Procuradas pela Folha, nenhuma das emissoras que estão sendo investigadas pelo Cade se pronunciou formalmente sobre o assunto. A Globo, por meio de sua assessoria, afirmou que ainda não foi notificada sobre a decisão do Cade de instaurar processo administrativo para investigar os contratos de transmissão de futebol.

Executivos da emissora, no entanto, refutam a acusação de que a Globo monopoliza os direitos de futebol. Afirmam que alguns campeonatos não são exclusivos (como a Libertadores, que também é da Traffic/ Band) e que a emissora sempre negocia com as concorrentes a cessão dos direitos. Neste ano, ela dividiu o Campeonato Paulista e a Copa do Brasil com a Rede TV!. Iria compartilhar também o Brasileiro, mas rescindiu o contrato com a Rede TV! por causa de atrasos no pagamento das parcelas.

A Globo negocia com a Record a cessão da Copa de 2002. Mas a iniciativa seria mais uma forma de compensar o investimento na compra dos direitos do que de ?democratizar? as transmissões.

Bandeirantes e TVA afirmaram, informalmente, que são vítimas do monopólio da Globo. Disseram que são alvo da investigação do Cade porque, em 1997 (quando o órgão começou a estudar o caso), tinham contratos de transmissão. A Band dividia campeonatos com a Globo e a TVA disputava guerra jurídica com a Globosat pelos direitos do Brasileiro.
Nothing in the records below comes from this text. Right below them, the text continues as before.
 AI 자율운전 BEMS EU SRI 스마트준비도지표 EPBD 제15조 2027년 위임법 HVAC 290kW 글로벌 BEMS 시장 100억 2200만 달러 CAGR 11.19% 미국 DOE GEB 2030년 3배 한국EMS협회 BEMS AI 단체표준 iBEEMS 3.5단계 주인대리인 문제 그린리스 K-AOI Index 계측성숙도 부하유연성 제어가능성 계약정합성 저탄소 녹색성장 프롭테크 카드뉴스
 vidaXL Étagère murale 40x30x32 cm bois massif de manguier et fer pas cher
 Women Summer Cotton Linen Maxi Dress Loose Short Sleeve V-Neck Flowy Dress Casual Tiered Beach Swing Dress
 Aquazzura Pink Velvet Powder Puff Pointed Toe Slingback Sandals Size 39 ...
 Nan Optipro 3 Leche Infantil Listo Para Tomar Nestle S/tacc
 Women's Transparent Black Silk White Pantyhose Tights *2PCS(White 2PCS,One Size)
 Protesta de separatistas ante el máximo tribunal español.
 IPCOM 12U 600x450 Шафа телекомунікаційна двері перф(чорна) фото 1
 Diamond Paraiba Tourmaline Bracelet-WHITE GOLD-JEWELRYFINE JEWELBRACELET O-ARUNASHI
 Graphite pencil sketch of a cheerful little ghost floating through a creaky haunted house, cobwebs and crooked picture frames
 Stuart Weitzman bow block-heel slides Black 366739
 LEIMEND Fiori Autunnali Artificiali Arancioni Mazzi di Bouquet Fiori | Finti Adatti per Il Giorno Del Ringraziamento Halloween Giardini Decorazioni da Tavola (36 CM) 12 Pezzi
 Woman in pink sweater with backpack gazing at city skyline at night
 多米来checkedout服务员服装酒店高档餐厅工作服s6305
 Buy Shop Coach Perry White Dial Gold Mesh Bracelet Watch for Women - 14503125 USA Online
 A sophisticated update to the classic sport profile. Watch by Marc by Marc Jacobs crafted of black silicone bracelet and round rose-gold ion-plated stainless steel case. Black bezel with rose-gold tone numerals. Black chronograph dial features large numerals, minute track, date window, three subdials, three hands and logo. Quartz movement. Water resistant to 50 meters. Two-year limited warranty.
A Globosat não se manifestou."

"Europeus também questionam exclusividade em transmissões", copyright Folha de S. Paulo, 14/10/01

"Os contratos de exclusividade de direito de transmissão de eventos esportivos estão sendo questionados também na Europa. Dois casos, envolvendo campeonatos de futebol, estão sendo analisados pela Comissão Européia, em Bruxelas.

Na Itália, foi proibida a transmissão dos campeonatos principais apenas por ?pay-per-view?. Segundo o chefe da Divisão de Mídia do Departamento Antitruste da Comissão Européia, Herbert Ungerer, o primeiro processo foi aberto contra a UEFA (União Européia de Futebol), por ter vendido os direitos de transmissão dos campeonatos, por período muito longo, a apenas uma emissora por país.

A Comissão Européia, segundo Ungerer, não concorda com essa prática e abriu procedimento de investigação baseado na lei antitruste. A comissão já expressou publicamente sua preocupação com o fato de os direitos serem negociados pelas ligas.

O segundo caso em análise na comissão aconteceu na Espanha. Foi aberto um procedimento, também baseado na lei antitruste, contra a Telefónica e a Sogecable, que se associaram para ter exclusividade de transmissão dos jogos da liga espanhola para o Canal Plus (TV paga por satélite).

A comissão concluiu a primeira parte do processo no final do ano passado, quando mandou que as demais TVs por assinatura tivessem acesso aos campeonatos. Outros aspectos do caso continuam em análise.

Segundo Ungerer, as emissoras de outros países europeus queriam transmitir o campeonato espanhol e não podiam, o que levou a Comissão Européia a abrir o processo contra Telefónica e a Sogecable."